Desde la izquierda, el argumento más común es que el estancamiento del integracionismo tiene que ver, por un lado, con la globalización y, por otro, con el ascenso de las derechas en diversos países latinoamericanos. Algo de validez hay en el argumento, sobre todo, por lo que se refiere al papel desintegrador de algunas de las últimas derechas gobernantes —especialmente la brasileña—, pero no explica toda la lógica centrífuga que se ha apoderado de la diplomacia regional.
Tal vez la explicación sea más global. Al contrario de los lugares comunes de la izquierda, la tendencia al libre comercio y a la transición democrática de fines del XX favoreció, en la práctica, el integracionismo latinoamericano.

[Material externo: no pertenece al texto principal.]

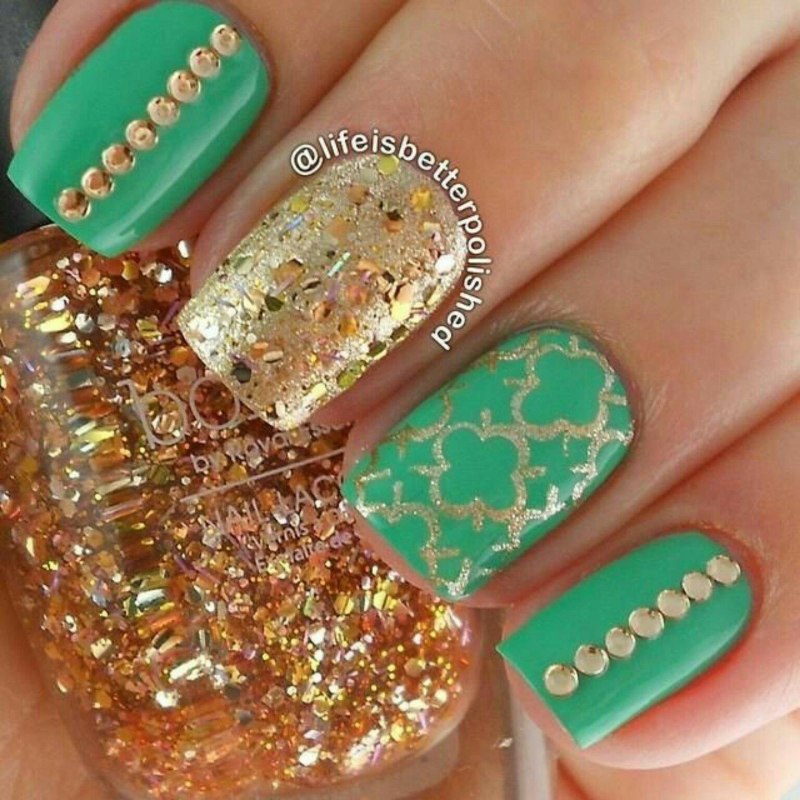 Маникюр зелёный с фольной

Si vimos a Fidel Castro y a Hugo Chávez sentados junto al rey Juan Carlos, Raúl Castro y Barack Obama restableciendo relaciones entre Estados Unidos y Cuba, en Panamá, fue, en buena medida, por aquella tendencia democratizadora que venía de los 80 y que se intensificó tras la caída del Muro de Berlín.
Una porción considerable de la izquierda latinoamericana, recordemos, se opuso tenazmente a esa perspectiva bajo el liderazgo de Chávez, Fidel y el bloque bolivariano. Pero no pocos actores de derecha también se equivocaron al confundir aquella hegemonía con la “falacia” del latinoamericanismo o al dar por perdidos foros continentales, como la Celac, en rechazo al peso de la izquierda más autoritaria dentro de los mismos.
Gobiernos de derecha como el de Sebastián Piñera o el de Felipe Calderón contribuyeron a la ampliación del Grupo de Río y la creación de la Celac a fines de la pasada década. El abandono de aquel horizonte por parte de las nuevas administraciones de Jair Bolsonaro, Iván Duque o el propio Piñera ha sido un error. Hoy puede verse con claridad que, frente al inocultable despotismo de los gobiernos de Nicolás Maduro y Daniel Ortega, las democracias de la región carecen de instancias autorizadas para generar respuestas diplomáticas propias.
La experiencia del Grupo de Lima es muy reveladora en ese sentido. Fue la nueva derecha, al asumir el liderazgo de dicho foro, la que comenzó a limitar su impacto al proyectar una evidente subordinación a Estados Unidos y a la OEA. De haber asumido una posición autónoma o menos apegada al enfoque de Washington, tal vez se habría creado una plataforma más eficaz para inclinar al gobierno de Nicolás Maduro a una negociación verdadera con la Asamblea Nacional, y para contener la represión en Nicaragua.
La crisis del latinoamericanismo no es únicamente diplomática, pero se refleja de manera dramática en esa esfera. También es ideológica: el desgaste retórico del antimperialismo, sometido en años recientes a la saturación demagógica del chavismo y el bolivarianismo, ya pasa factura dentro de una izquierda que no sabe mezclar su apuesta democrática, con el nacionalismo que heredó de la tradición revolucionaria.